## [Data listing]
***
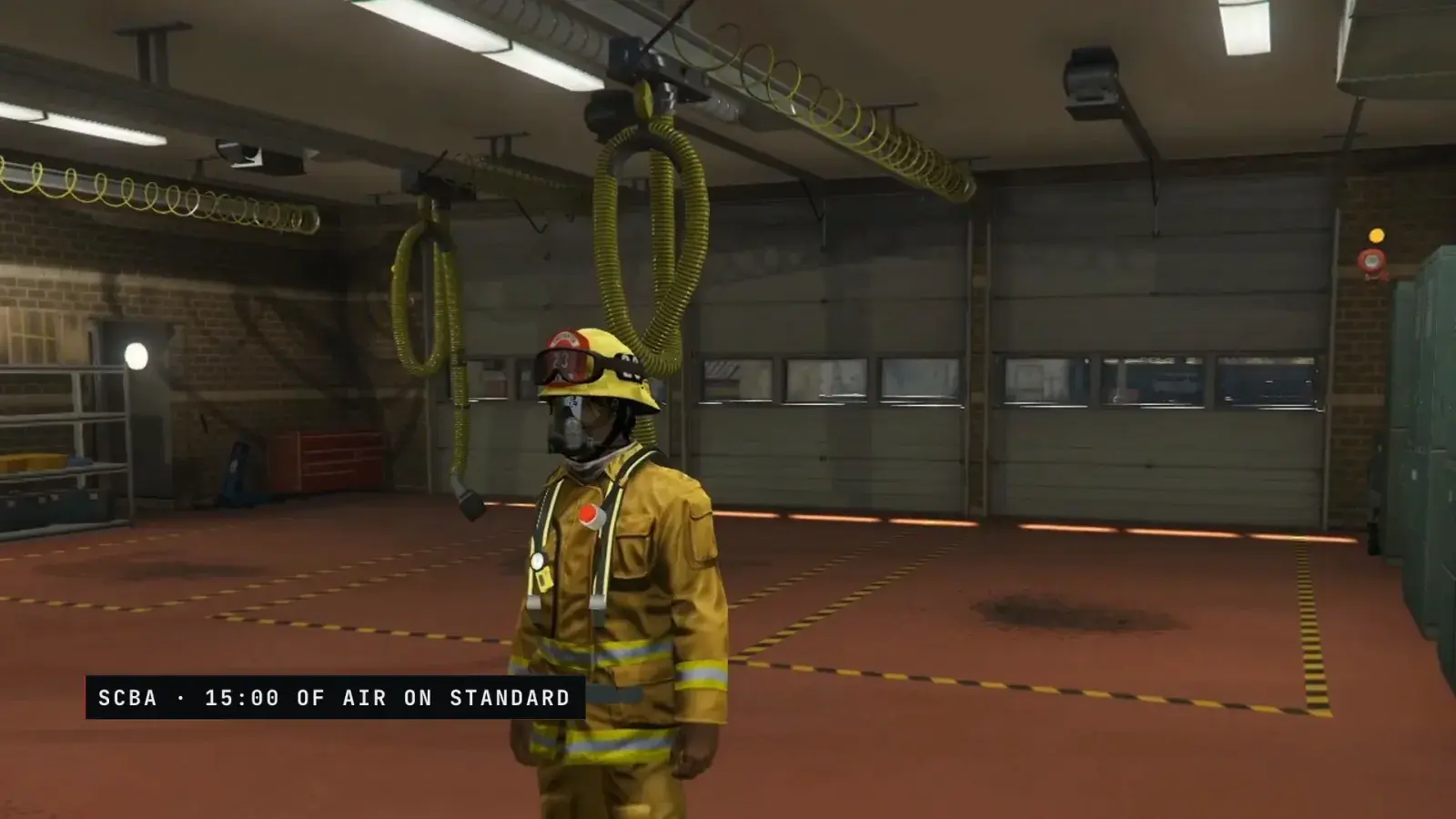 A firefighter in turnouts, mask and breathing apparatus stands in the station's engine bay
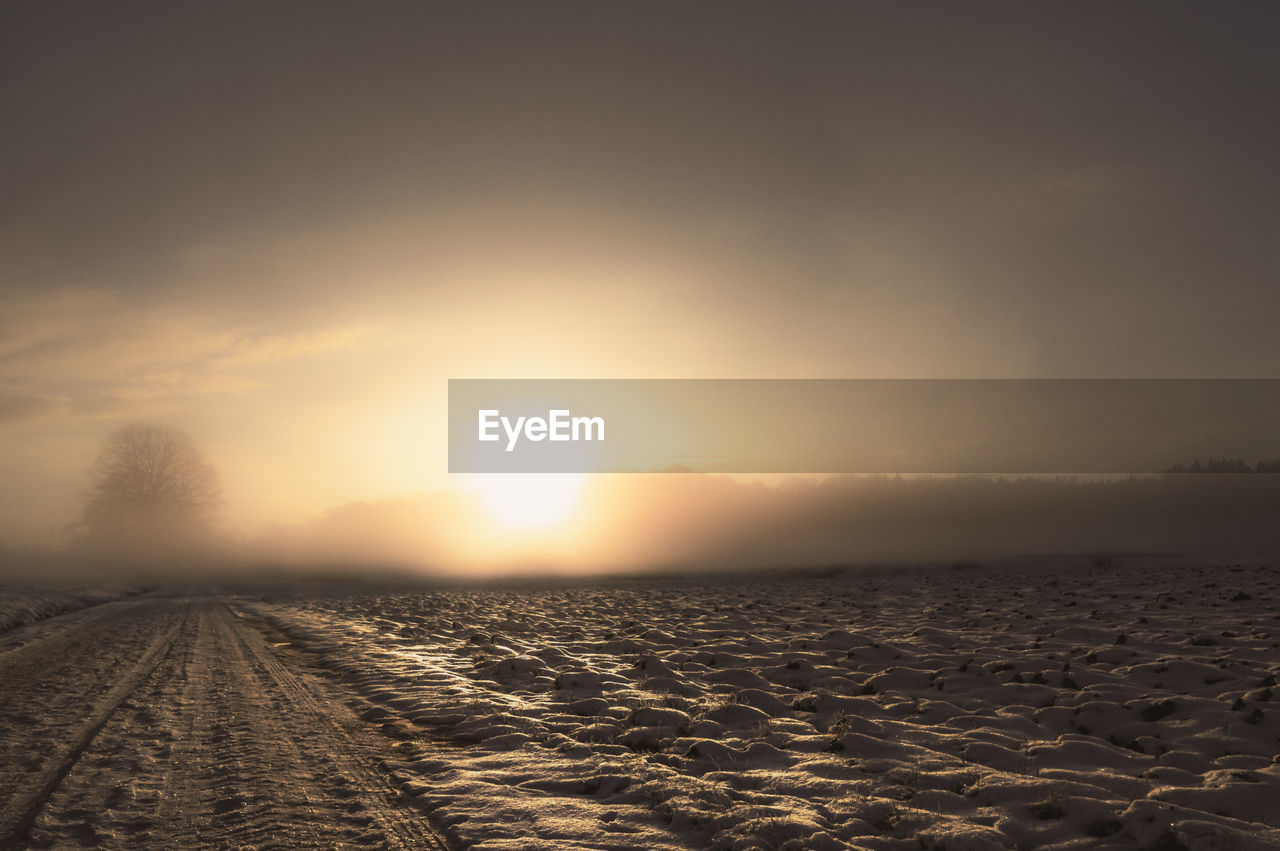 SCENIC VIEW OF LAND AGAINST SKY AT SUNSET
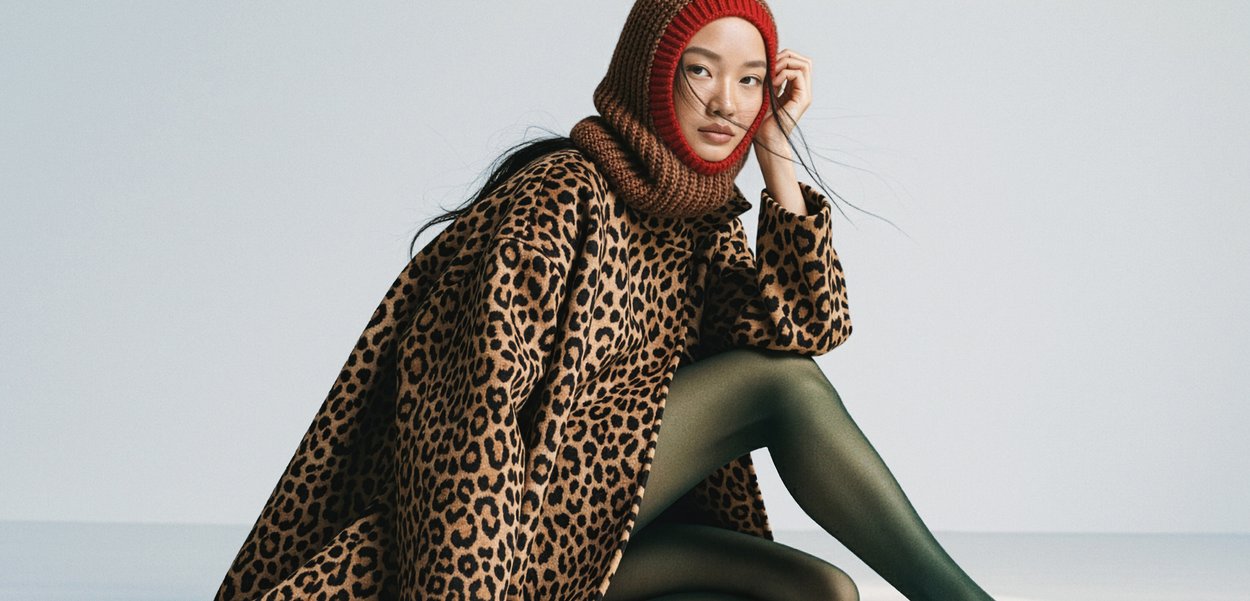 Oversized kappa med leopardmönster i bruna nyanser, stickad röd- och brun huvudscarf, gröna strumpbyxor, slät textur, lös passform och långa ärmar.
***
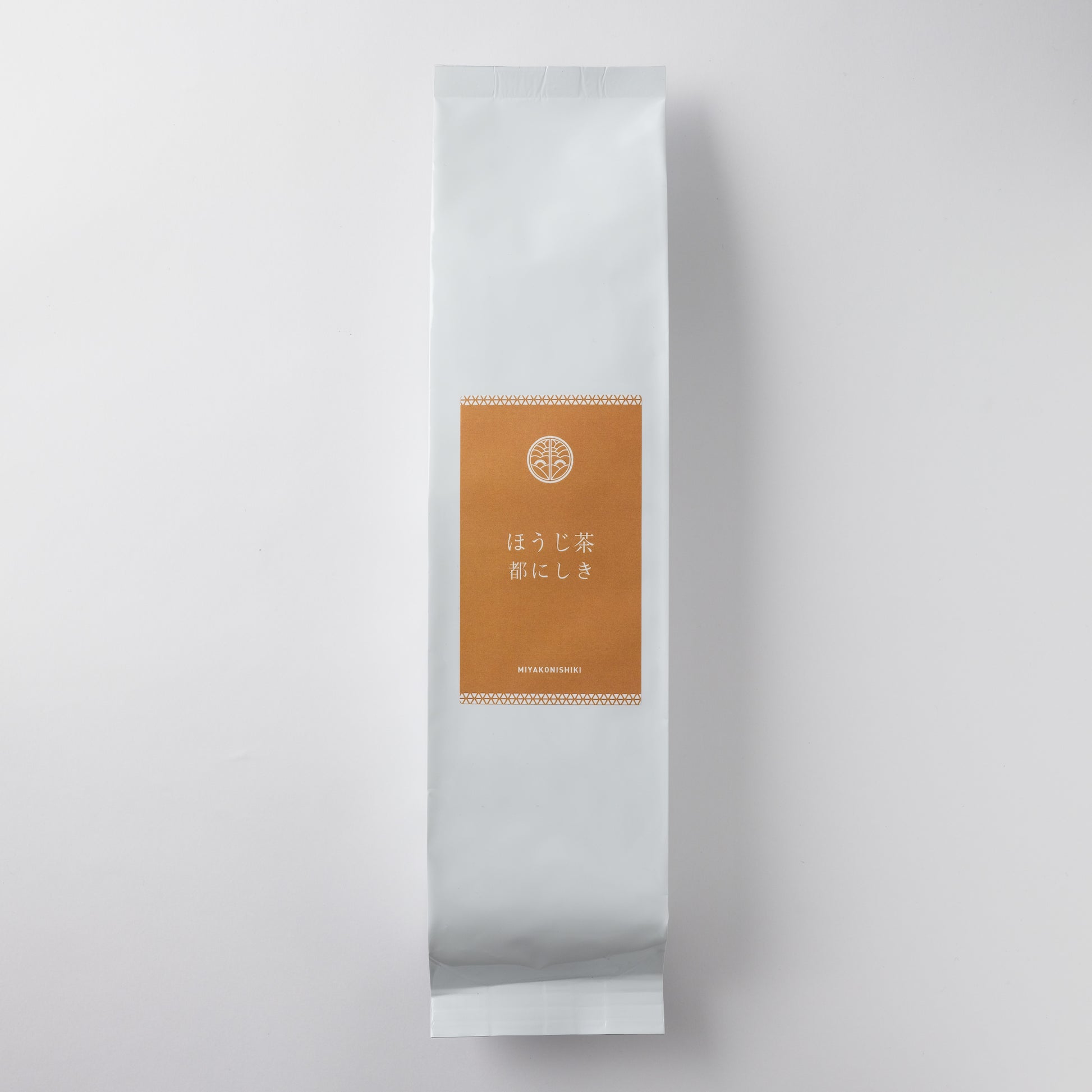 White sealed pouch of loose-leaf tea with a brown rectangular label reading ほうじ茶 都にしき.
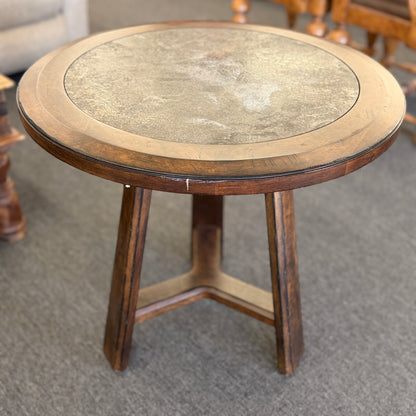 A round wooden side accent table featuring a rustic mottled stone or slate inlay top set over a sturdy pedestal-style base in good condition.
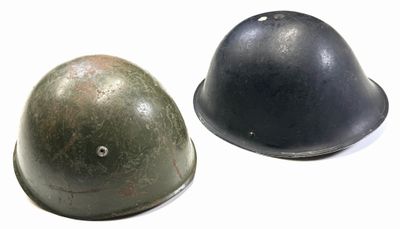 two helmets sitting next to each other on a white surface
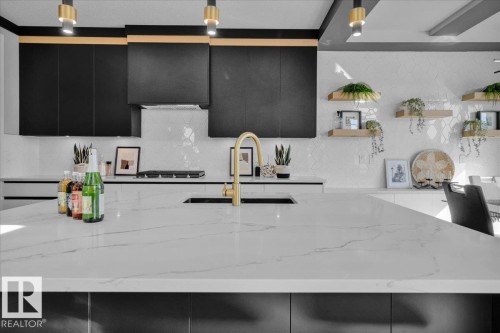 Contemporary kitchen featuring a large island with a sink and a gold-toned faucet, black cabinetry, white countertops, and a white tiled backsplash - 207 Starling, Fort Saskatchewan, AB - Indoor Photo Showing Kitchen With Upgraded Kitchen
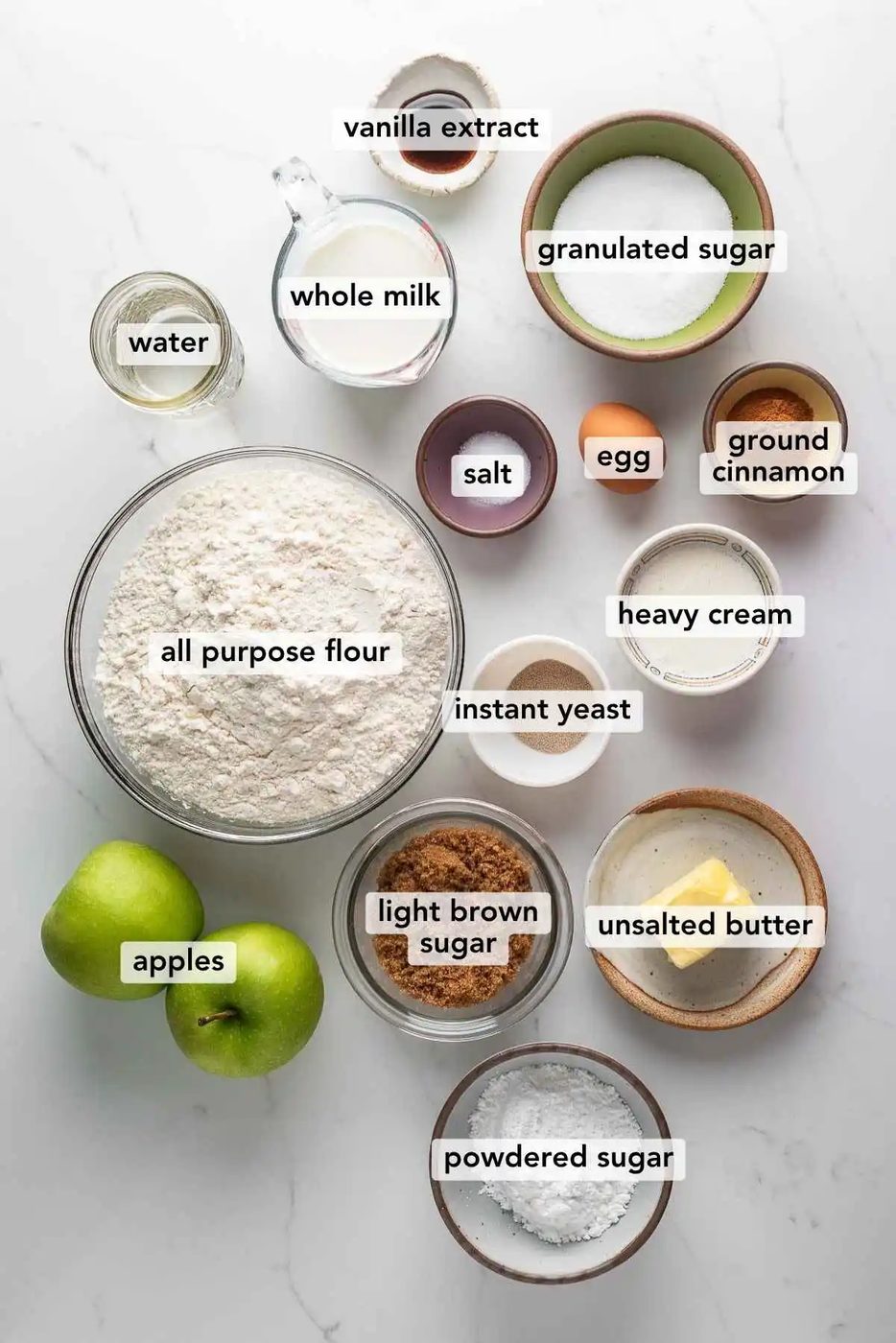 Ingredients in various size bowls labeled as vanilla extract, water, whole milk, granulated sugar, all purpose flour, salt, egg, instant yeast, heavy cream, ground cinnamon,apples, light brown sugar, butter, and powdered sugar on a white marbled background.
***
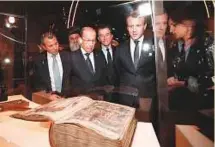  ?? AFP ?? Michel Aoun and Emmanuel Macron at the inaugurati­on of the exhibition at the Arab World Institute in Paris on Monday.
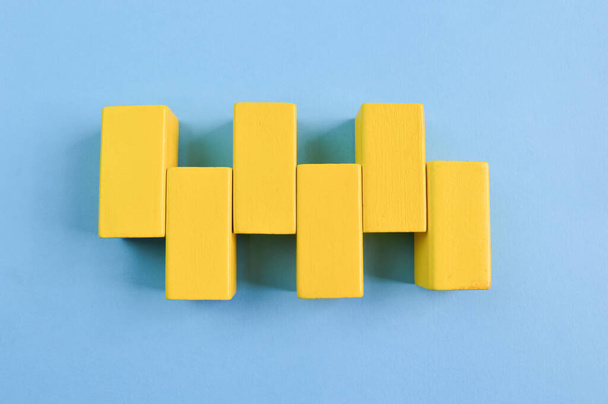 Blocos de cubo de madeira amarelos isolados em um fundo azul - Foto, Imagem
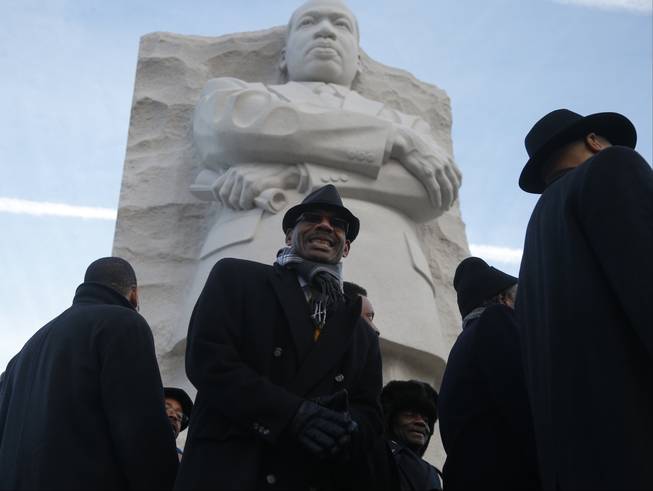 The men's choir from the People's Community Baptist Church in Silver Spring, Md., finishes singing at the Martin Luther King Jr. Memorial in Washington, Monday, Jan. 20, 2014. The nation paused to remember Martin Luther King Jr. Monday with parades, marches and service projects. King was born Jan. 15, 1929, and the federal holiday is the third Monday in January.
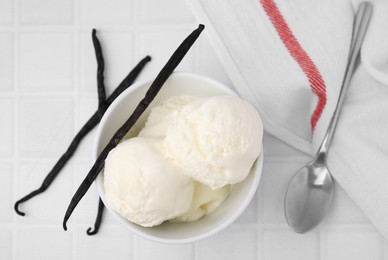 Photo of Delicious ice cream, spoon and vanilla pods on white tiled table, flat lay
***
## [What you will do]
Leave the pictures out. Output, exactly, the lines of the material above starting at the line containing "A round wooden" and ending at the line containing "Ingredients in various".

## [Solution to the problem]
 A round wooden side accent table featuring a rustic mottled stone or slate inlay top set over a sturdy pedestal-style base in good condition.
 two helmets sitting next to each other on a white surface
 Contemporary kitchen featuring a large island with a sink and a gold-toned faucet, black cabinetry, white countertops, and a white tiled backsplash - 207 Starling, Fort Saskatchewan, AB - Indoor Photo Showing Kitchen With Upgraded Kitchen
 Ingredients in various size bowls labeled as vanilla extract, water, whole milk, granulated sugar, all purpose flour, salt, egg, instant yeast, heavy cream, ground cinnamon,apples, light brown sugar, butter, and powdered sugar on a white marbled background.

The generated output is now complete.